| Extracted material |

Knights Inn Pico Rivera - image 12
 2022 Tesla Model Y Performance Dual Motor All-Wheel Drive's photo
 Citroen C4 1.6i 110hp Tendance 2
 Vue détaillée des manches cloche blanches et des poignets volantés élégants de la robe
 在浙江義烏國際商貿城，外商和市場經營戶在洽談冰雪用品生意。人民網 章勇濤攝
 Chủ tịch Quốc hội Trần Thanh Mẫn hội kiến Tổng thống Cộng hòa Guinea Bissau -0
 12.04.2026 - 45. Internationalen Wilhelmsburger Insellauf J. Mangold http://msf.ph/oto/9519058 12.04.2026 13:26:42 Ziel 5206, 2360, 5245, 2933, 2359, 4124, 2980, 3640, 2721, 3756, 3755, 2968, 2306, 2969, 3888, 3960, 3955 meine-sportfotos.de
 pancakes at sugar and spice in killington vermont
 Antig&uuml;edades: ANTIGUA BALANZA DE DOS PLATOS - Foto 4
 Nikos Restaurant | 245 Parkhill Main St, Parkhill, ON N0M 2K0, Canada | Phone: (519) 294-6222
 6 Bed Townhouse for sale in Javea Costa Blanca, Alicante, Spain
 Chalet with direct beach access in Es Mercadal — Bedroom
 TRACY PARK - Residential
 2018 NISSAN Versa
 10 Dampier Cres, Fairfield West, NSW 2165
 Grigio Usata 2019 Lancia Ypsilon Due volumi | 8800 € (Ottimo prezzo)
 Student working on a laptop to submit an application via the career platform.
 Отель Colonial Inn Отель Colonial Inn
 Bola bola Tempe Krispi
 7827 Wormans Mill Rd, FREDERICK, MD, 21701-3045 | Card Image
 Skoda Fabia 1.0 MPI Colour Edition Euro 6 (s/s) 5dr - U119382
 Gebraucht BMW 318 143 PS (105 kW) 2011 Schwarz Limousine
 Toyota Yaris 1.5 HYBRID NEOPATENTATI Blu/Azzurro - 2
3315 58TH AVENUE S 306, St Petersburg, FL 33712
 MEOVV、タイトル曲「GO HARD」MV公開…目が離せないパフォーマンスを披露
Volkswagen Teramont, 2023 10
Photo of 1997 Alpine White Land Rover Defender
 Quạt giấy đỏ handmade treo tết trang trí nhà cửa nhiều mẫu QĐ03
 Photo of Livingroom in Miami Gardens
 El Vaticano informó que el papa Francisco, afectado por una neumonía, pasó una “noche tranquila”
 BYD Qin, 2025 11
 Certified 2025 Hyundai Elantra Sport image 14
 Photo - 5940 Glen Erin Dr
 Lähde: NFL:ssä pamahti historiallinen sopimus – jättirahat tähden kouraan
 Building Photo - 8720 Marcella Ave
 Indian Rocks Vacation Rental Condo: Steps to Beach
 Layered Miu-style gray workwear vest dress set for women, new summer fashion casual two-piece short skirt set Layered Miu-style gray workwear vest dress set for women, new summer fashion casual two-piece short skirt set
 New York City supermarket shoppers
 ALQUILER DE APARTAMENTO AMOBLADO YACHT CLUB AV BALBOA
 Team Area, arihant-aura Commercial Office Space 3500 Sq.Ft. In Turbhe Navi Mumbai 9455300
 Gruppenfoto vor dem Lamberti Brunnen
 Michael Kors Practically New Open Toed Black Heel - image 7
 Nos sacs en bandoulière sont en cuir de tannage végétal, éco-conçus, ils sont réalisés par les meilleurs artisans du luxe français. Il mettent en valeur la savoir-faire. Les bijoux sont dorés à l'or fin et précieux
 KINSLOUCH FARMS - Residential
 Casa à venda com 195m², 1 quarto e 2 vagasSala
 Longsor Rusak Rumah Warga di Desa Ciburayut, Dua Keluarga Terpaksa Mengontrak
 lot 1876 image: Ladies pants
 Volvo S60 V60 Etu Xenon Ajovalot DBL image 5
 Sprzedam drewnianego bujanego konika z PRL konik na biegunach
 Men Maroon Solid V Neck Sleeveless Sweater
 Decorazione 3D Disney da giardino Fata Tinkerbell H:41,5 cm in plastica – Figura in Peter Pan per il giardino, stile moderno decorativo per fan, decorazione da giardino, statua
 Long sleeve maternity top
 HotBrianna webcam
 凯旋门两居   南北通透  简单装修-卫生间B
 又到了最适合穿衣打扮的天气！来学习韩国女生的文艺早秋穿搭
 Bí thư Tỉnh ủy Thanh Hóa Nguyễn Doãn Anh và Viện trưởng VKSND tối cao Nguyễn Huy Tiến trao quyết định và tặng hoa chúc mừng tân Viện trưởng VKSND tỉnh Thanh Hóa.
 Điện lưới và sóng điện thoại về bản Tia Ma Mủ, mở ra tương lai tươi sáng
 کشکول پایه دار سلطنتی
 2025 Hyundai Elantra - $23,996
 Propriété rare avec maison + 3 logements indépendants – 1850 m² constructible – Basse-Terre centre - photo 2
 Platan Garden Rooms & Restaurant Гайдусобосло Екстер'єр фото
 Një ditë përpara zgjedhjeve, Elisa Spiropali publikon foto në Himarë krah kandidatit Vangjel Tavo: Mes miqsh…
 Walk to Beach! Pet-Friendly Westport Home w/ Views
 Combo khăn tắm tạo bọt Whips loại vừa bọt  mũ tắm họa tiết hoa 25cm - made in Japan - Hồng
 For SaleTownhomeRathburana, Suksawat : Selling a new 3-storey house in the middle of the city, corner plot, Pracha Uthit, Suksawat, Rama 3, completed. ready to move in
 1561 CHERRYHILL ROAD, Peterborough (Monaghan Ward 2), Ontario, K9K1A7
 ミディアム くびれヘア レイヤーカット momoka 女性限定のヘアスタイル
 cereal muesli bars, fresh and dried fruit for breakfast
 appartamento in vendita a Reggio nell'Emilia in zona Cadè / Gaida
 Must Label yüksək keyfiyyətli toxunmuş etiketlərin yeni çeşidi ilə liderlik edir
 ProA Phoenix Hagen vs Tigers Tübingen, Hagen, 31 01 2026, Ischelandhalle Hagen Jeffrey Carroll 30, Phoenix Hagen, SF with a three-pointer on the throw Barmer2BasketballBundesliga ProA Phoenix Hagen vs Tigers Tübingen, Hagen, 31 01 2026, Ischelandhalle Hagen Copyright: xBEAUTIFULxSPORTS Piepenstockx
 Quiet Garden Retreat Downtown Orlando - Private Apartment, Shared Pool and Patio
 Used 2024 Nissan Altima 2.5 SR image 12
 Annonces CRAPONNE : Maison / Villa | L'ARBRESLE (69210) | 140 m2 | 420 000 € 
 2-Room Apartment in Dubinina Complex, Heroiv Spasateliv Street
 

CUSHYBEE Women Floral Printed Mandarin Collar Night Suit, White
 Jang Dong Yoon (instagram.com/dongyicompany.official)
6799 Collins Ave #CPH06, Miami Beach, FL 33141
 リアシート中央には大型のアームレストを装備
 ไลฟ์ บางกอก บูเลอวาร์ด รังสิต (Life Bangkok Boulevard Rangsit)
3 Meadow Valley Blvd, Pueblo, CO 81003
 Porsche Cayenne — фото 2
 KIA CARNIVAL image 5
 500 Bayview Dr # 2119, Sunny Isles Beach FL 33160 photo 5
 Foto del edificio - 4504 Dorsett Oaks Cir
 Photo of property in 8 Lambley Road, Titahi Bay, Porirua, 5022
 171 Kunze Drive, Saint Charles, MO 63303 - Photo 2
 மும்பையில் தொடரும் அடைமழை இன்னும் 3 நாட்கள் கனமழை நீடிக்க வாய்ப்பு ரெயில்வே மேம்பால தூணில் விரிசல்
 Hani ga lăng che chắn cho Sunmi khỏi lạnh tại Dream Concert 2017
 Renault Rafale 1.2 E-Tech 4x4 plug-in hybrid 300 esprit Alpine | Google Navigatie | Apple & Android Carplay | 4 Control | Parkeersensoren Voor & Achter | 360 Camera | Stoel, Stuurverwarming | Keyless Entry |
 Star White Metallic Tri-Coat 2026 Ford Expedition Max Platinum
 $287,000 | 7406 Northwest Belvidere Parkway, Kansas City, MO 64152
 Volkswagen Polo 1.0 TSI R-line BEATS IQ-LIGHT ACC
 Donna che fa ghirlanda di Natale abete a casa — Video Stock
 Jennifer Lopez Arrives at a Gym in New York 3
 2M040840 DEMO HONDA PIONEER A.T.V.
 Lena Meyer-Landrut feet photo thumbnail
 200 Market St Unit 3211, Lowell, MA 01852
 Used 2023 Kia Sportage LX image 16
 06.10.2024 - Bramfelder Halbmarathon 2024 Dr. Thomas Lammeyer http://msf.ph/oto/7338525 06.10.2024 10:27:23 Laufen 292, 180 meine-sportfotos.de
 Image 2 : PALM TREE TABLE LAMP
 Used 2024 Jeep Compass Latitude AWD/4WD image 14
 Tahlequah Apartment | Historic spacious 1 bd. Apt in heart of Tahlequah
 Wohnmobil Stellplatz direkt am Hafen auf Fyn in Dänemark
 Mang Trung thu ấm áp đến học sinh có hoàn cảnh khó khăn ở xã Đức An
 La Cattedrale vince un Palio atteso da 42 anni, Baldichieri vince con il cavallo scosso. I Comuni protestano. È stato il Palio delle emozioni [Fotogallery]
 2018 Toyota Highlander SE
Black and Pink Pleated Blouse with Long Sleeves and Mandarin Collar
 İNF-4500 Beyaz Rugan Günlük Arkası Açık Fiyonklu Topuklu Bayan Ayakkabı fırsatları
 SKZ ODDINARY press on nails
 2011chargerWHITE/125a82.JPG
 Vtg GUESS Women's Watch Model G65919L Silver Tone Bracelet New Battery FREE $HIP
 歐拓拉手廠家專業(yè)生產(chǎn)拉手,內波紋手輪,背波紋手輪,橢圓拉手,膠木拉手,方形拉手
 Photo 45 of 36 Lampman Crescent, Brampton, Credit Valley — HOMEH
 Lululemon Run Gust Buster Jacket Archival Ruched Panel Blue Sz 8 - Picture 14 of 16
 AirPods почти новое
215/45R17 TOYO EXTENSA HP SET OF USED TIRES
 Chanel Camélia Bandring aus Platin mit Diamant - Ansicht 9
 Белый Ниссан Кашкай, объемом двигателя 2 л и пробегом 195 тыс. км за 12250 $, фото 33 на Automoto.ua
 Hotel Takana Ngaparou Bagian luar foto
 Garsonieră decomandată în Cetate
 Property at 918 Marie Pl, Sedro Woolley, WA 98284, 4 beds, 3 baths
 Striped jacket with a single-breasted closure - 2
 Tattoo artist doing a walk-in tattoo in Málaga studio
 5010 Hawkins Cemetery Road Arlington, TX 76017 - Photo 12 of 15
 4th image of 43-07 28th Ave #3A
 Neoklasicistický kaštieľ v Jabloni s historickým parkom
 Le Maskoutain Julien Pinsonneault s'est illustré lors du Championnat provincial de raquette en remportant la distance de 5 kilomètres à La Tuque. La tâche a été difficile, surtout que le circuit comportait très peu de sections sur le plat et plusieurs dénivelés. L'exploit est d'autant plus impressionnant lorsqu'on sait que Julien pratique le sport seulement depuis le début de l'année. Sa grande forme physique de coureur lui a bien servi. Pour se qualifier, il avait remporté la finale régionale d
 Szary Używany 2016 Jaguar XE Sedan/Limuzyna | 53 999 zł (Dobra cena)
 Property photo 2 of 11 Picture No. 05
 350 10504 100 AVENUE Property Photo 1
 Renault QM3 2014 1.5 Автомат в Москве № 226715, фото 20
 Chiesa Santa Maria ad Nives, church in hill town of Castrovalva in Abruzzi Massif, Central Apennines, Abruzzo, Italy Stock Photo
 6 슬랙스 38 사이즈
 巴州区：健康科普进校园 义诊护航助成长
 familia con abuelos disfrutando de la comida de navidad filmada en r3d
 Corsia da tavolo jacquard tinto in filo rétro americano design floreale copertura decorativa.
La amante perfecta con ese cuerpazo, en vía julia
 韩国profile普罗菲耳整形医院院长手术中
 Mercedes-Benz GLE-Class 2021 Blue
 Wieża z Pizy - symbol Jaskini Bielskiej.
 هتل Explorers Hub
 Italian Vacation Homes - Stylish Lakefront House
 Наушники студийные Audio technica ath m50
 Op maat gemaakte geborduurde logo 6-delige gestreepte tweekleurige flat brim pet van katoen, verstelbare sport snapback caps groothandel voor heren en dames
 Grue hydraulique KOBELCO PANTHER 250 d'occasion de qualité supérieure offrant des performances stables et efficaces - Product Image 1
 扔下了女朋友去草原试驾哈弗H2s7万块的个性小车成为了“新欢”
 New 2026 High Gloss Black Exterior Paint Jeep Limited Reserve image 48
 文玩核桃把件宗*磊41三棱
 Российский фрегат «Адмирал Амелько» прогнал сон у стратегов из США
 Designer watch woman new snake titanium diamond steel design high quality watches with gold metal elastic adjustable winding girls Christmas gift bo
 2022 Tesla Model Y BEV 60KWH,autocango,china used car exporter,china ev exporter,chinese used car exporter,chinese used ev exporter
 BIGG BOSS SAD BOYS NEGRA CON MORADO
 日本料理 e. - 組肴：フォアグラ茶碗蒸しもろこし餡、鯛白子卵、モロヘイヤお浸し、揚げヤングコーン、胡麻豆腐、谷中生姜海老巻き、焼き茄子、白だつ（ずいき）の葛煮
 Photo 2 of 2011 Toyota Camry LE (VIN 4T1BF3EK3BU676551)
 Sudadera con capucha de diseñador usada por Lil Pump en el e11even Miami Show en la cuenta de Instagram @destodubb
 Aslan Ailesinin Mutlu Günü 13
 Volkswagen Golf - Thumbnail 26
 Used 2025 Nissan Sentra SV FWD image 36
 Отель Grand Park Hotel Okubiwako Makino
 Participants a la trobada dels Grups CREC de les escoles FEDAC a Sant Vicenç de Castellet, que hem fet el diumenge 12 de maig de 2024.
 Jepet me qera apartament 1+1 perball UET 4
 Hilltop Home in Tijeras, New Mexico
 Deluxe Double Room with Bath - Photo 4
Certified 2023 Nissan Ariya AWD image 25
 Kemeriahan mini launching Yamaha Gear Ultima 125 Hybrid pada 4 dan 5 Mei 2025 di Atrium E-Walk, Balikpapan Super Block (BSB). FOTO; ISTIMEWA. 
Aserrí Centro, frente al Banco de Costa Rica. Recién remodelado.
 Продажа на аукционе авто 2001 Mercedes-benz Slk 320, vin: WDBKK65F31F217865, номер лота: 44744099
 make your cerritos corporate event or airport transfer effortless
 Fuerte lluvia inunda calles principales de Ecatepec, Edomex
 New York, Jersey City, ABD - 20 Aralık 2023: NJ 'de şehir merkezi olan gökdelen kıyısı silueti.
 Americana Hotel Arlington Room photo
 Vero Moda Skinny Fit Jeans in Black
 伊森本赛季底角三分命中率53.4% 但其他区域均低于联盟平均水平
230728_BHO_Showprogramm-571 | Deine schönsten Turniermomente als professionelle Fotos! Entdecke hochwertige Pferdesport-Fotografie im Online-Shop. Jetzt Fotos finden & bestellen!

| Action item |
Begin at the line above that has "familia con abuelos" and stop after the line that has "сон у стратегов из США", copying each line exactly and adding nothing else.

| Response |
 familia con abuelos disfrutando de la comida de navidad filmada en r3d
 Corsia da tavolo jacquard tinto in filo rétro americano design floreale copertura decorativa.
La amante perfecta con ese cuerpazo, en vía julia
 韩国profile普罗菲耳整形医院院长手术中
 Mercedes-Benz GLE-Class 2021 Blue
 Wieża z Pizy - symbol Jaskini Bielskiej.
 هتل Explorers Hub
 Italian Vacation Homes - Stylish Lakefront House
 Наушники студийные Audio technica ath m50
 Op maat gemaakte geborduurde logo 6-delige gestreepte tweekleurige flat brim pet van katoen, verstelbare sport snapback caps groothandel voor heren en dames
 Grue hydraulique KOBELCO PANTHER 250 d'occasion de qualité supérieure offrant des performances stables et efficaces - Product Image 1
 扔下了女朋友去草原试驾哈弗H2s7万块的个性小车成为了“新欢”
 New 2026 High Gloss Black Exterior Paint Jeep Limited Reserve image 48
 文玩核桃把件宗*磊41三棱
 Российский фрегат «Адмирал Амелько» прогнал сон у стратегов из США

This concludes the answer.